研究課題/領域番号 |
22530168
|
研究機関 | 国際大学 |
研究代表者 |
信田 智人 国際大学, 国際大学研究所, 教授 (80278043)
|
キーワード | 日本外交 / 政策決定 / 国際政治 / 比較政治 / 日米関係 |
研究概要 |
1)国際安全保障学会で発表した「鳩山政権における普天間基地問題の2レベルゲーム分析」は民主党政権になって最初の外交における試練において、鳩山内閣がどのように対処したかを調査した事例研究である。2レベルゲーム分析の枠組みを使って、どうして鳩山内閣の政策が破たんしたかを分析した。この研究の結果については、英文で学術誌に発表する予定である。 2)Handbook of Japanese Politicsは世界各国から第一線級の日本政治学者が、それぞれの専門分野の研究を発表したもので、その執筆者に選ばれたこと自体、非常に名誉なことである。"The Prime Ministerial Leadership,"と題した論文では、自民党政権における首相のリーダーシップを分析し、民主党政権における展望を示した。 3)The U.S.-Japan Security Alliance : Regional Multilateralismという本は、日米の安全保障政策の専門家が集まって発表した論文集で、私は"The Costs and Benefits of U.S.-Japan Alliance from the Japanese Perspective,"という論文を担当した。
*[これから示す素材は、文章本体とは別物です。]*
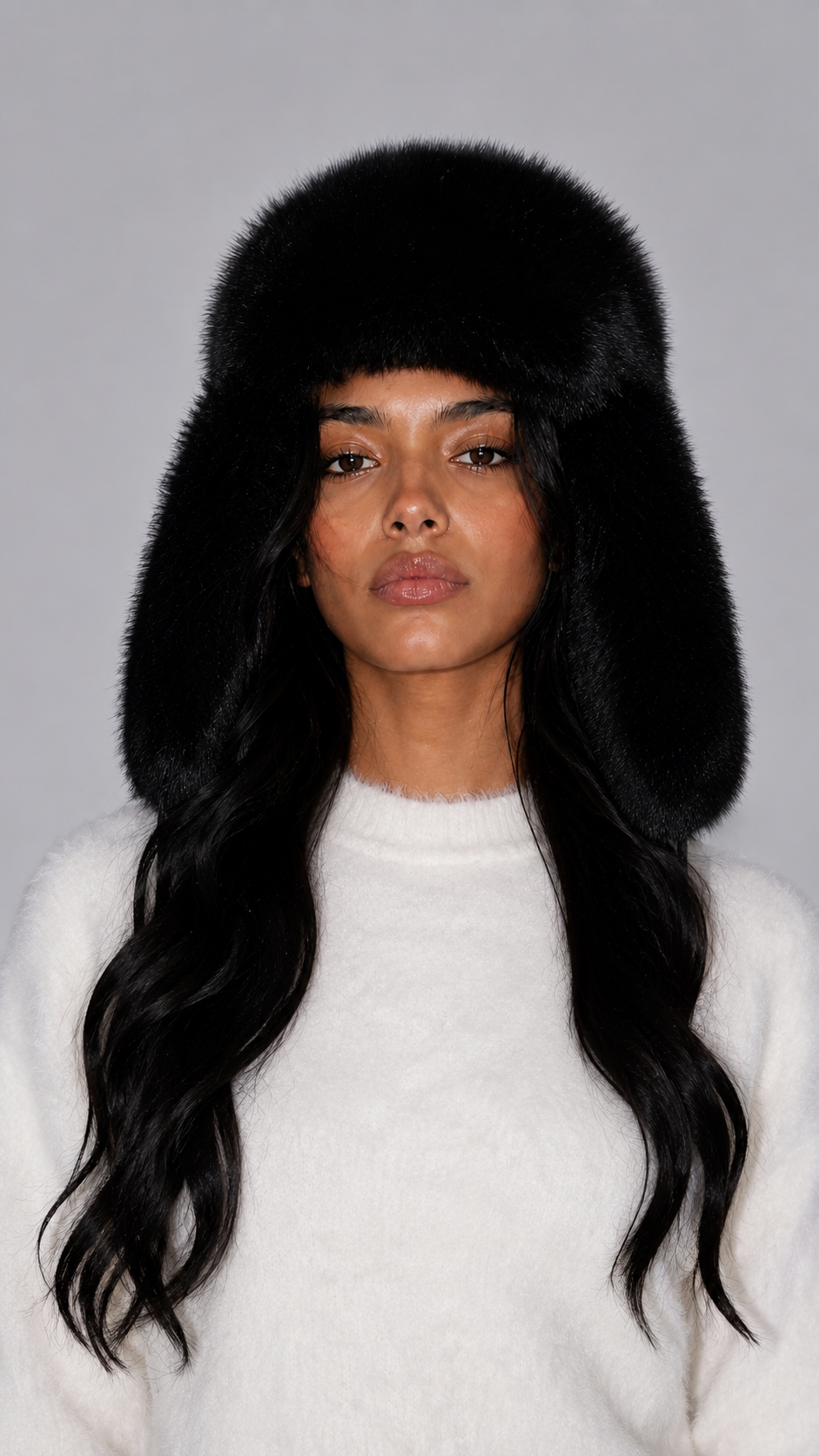 Vera Noir Trapper Hat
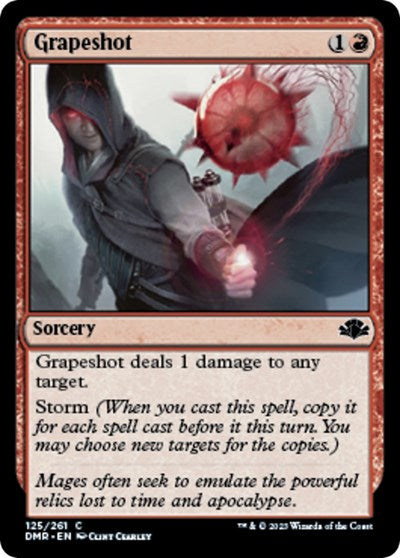 Grapeshot (Dominaria Remastered) Light Play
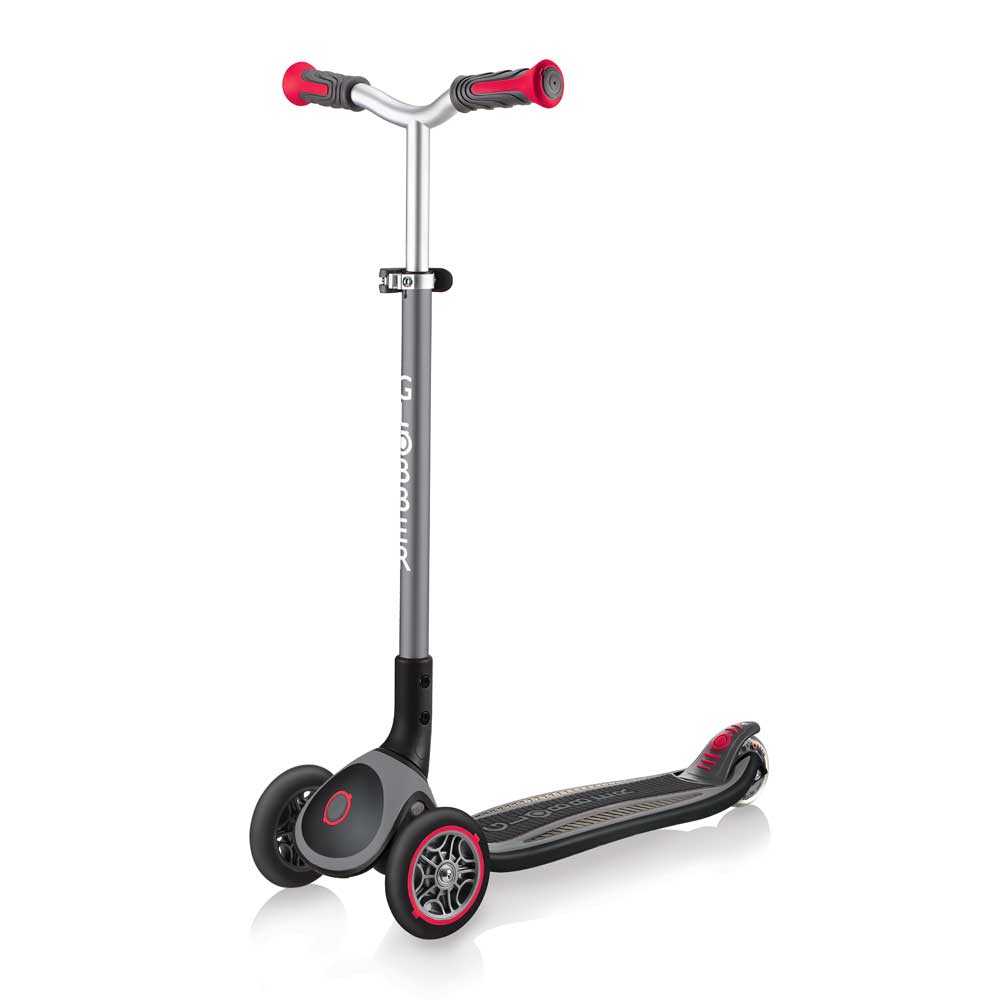 Globber Master Scooter schwarz rot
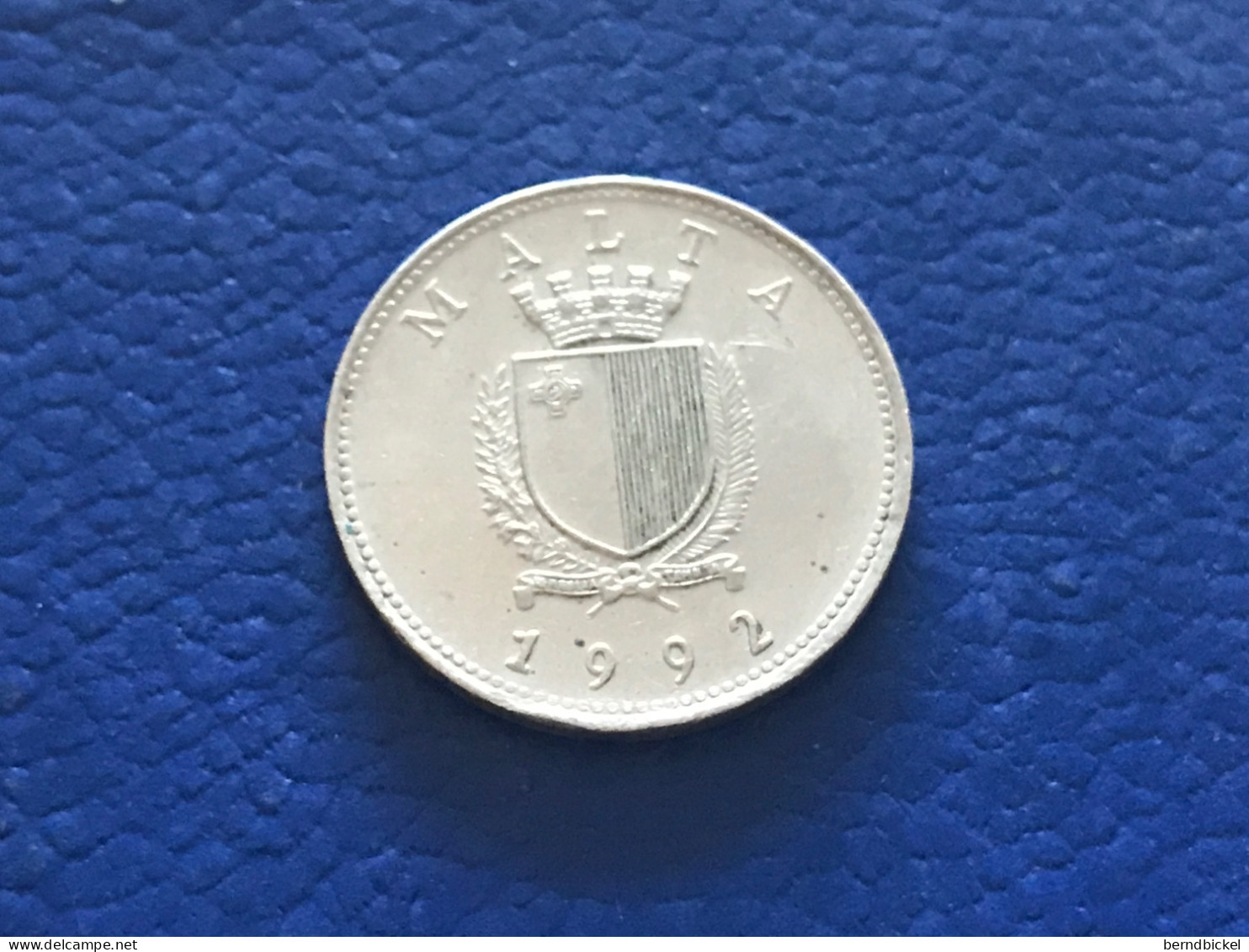 Münze Münzen Umlaufmünze Malta 10 Cents 1992 - Malte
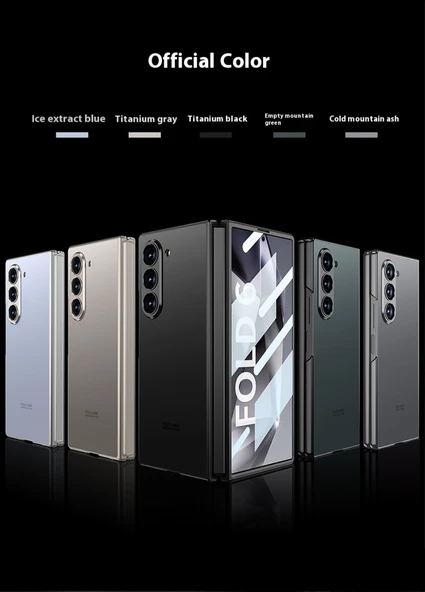 Samsung Galaxy Z Fold 6 Gri Düşmeye Karşı Korumalı Kılıf - 9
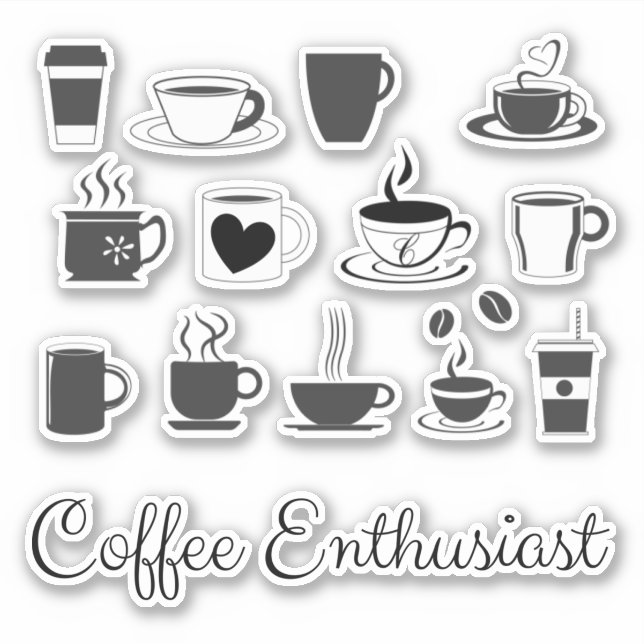 Adesivo Café para entusiastas do café - Estética (Frente)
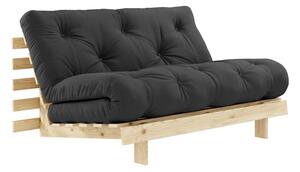 Roots fekete kinyitható kanapé 140 cm - Karup Design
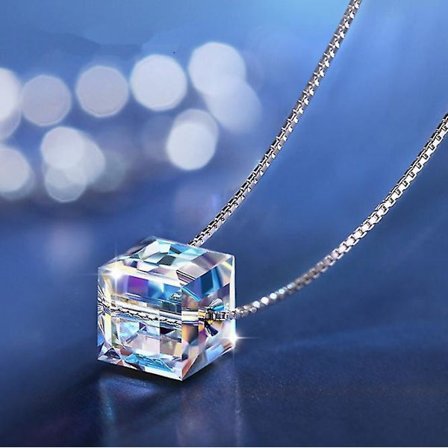 925 Silver Mystic Rainbow Topaz Gemstone Pendant Chain Choker Necklace Women's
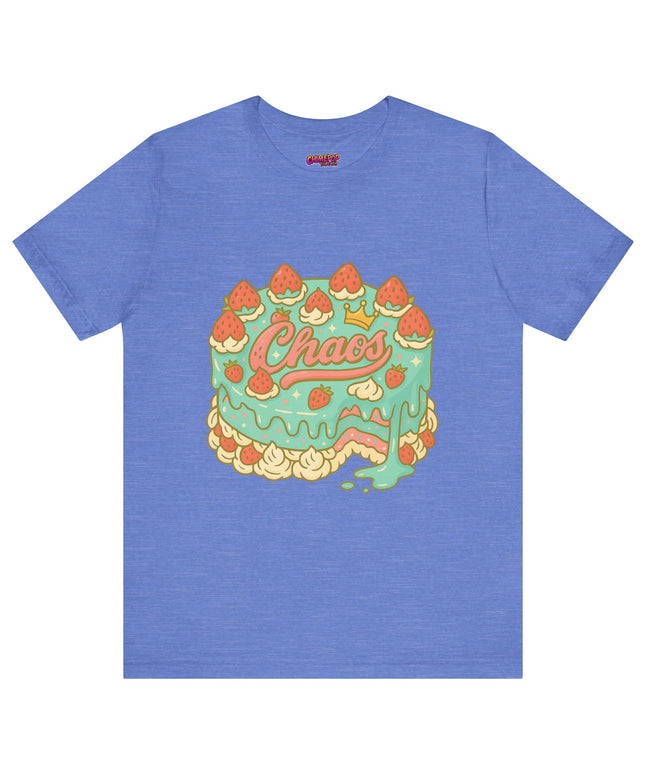 CHAOS BIRTHDAY CAKE GRAPHIC TEE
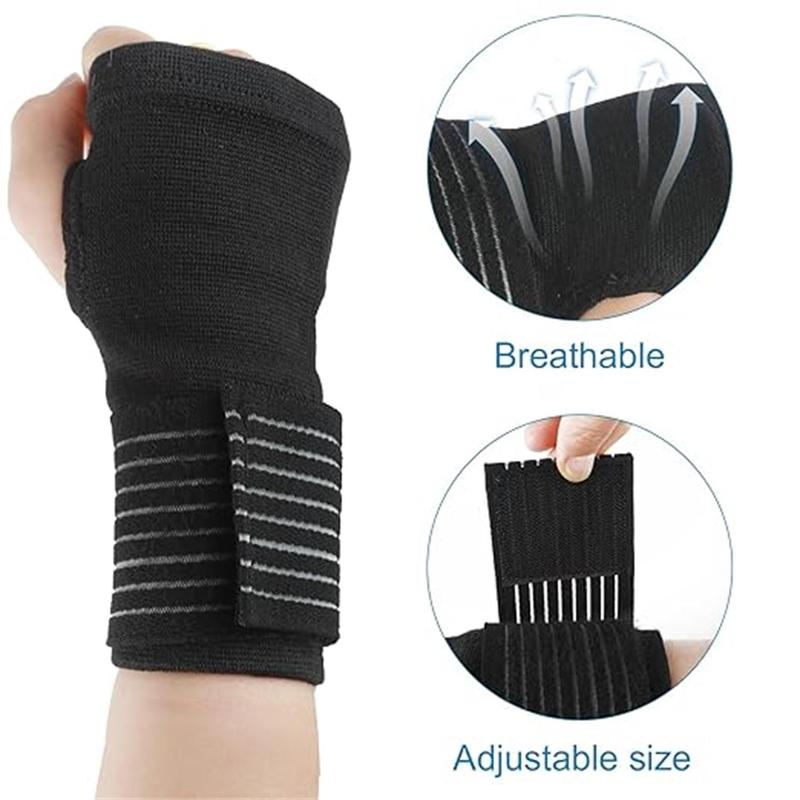 Adjustable Wrist Support, 2 Counts set Sports Hand Brace, Wrist Support for Fitness, Tendinitis, Tendonitis, Hand Pain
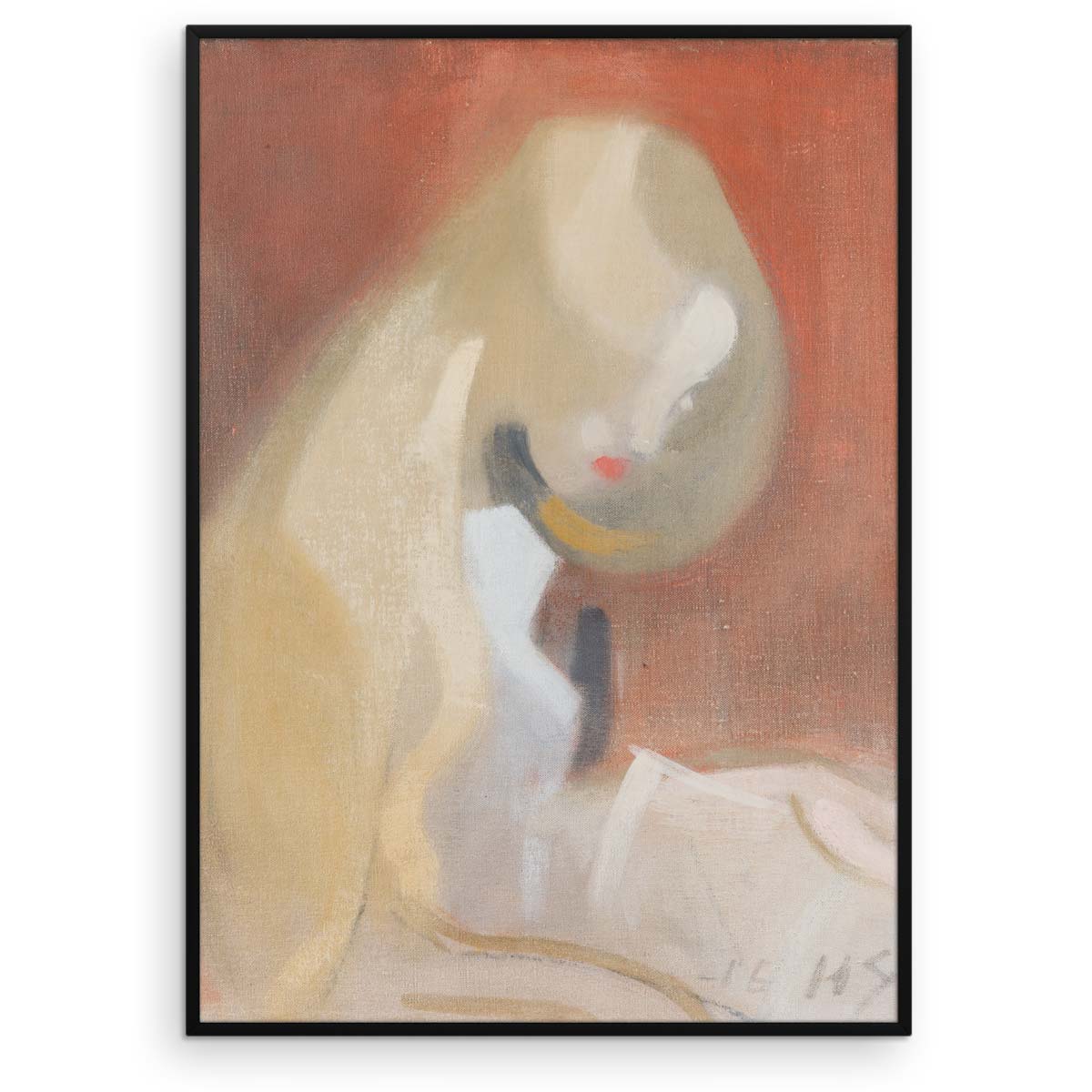 Pige med blond hår - Helene Schjerfbeck plakat - Ramme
ここでは歴史的な文脈から、日米同盟の長所短所について、日本側からの見解を示した。 4)福島原発事故独立検証委員会の調査検証報告書では、第3章と第4章を担当した。この中で、民主党政権における福島原発事故という危機に対して、どのような対応を官邸が行ったかを分析した。これには、菅首相をはじめ、枝野官房長官、福山官房副長官、海江田経産相、細野総理補佐官などをインタビューして分析した。これによって、菅内閣の首相官邸の様子がよく理解できた。 これらが、平成23年度中に発表された研究であるが、当該年度中に進んだ研究が多くあり、平成24年度にはより多くの研究成果が期待できる。
|
現在までの達成度 (区分) |
現在までの達成度 (区分)
2: おおむね順調に進展している
理由
平成22年度に比較対象となる米国側の事例について概観を行うことができた。また、平成22-23年度の二年間の調査で、民主党政権になってからの政治制度や政策決定の変化の分析を行ってきた。この二年間に自民党政権と民主党政権における事例について重要な事例研究をいくつかか発表することができた。
|
今後の研究の推進方策 |
これまで政権交代後の政策決定についての調査結果がかなり蓄積されてきた。平成24年度中には、コロンビア大学出版から単著で、自民党政権から民主党政権にかわって、どのように政策決定が変化したかについて分析した本が出版される予定である。さらに、そのほかの事例についても、英文の学術誌に投稿している。すでにAsian Survey誌から掲載の通知が来ており、ほかの3誌についてもかなり掲載の可能性が高い。民主党政権の事例が現在進行形で進んでいるため、その研究に追われている。当初予定していた研究期間の4年間では、当初の目的である日米の比較までには手が届かない可能性が出てきた。そのため、平成24年度中に研究期間延長の申請を行いたい。